The challenge with Carousel is that its success hinges almost entirely on the audience’s ability to accept Billy as a well-intentioned but tragically flawed man who is probably doing the best that he can, the only way he knows how. In addition, we must feel for Julie without dismissing her as a two-dimensional, submissive pushover. “Billy obviously has major issues,” said actress Jennifer Ellis, who will be playing Julie in Reagle’s upcoming production. “It is important to the story, but it is so jarring for today’s audience. There is a loneliness in Julie and Billy that I think is very timeless and relatable,” she added.
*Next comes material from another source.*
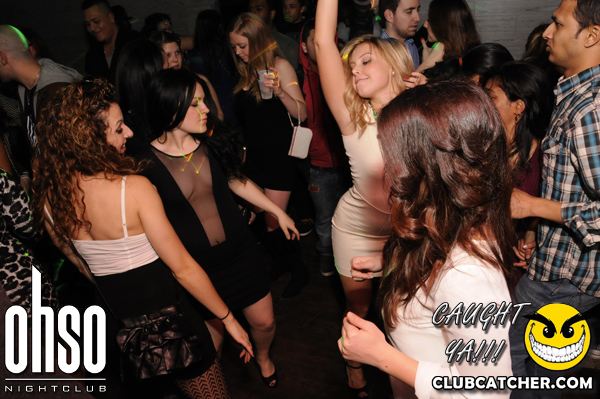 Ohso nightclub photo 13 - February 16th, 2013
Bertone finds Julie and Billy equally flawed. “She is a damaged woman and probably has a difficult past,” she said. “She does the same thing every single day at the mill, and although women were gaining independence by working at the mills, it was still a very dreary life. But Julie is strong-willed. She sees something better for herself and she’s determined to have that. With Billy, I think she sees an escape from the world that she’s living in and would rather have a little bit of—dare I say—drama in her life than nothing. She’s a very nurturing, supportive, understanding woman and simply sees through Billy’s flaws and sees a mirror. I think they kind of reflect one another. She sees in Billy what Billy sees in her, and I think she wants to give him a chance.”
Regarding the issue of domestic violence, “[Julie] just understands it,” Bertone said. “There are people who live in black and white. Julie lives in the gray. The reality is that Billy kills himself too quickly for Julie to make the decision to leave. The fates kind of worked themselves out that he left her, you know?”
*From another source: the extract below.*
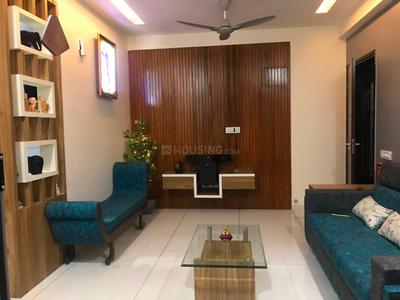 Hall Image of 1584 Sq.ft 3 BHK Apartment / Flat for sale in Koteshwar Ahmedabad for Rs. 8300000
“It’s an oddly intimidating role because of that,” said Ellis. “[But] she’s not that naive. She works, she has a job, she lives on her own. That—for the time period—is pretty independent to begin with,” she added.
Carousel was written in the mid-1940s and is based on Molnár’s Liliom, which was written in 1909. These characters are not only a product of the time in which they were written, but also of a certain kind of mindset of the 1870s, which is when Carousel takes place. In short, aspects of the show are dated. Can a modern audience empathize with Julie and not judge her for her passivity? “I love putting on the classics and staying true to them to an extent,” said Bertone, “but how can I make this relatable to a modern day audience? How do we make this fresh, active, different, and alive?”
But for Bertone, the challenges of Carousel move beyond Julie and Billy and extend to every last member of the cast—all 49 of them, to be exact. According to Bertone, the most difficult part of Carousel is “showing that these are real people. There are sexy moments in this show, and gritty, dark, edgy moments. Playing those colors throughout and not getting overwhelmed by the lush score,” she said. “The hard part, for me, is making sure that every single actor up there is telling the story.”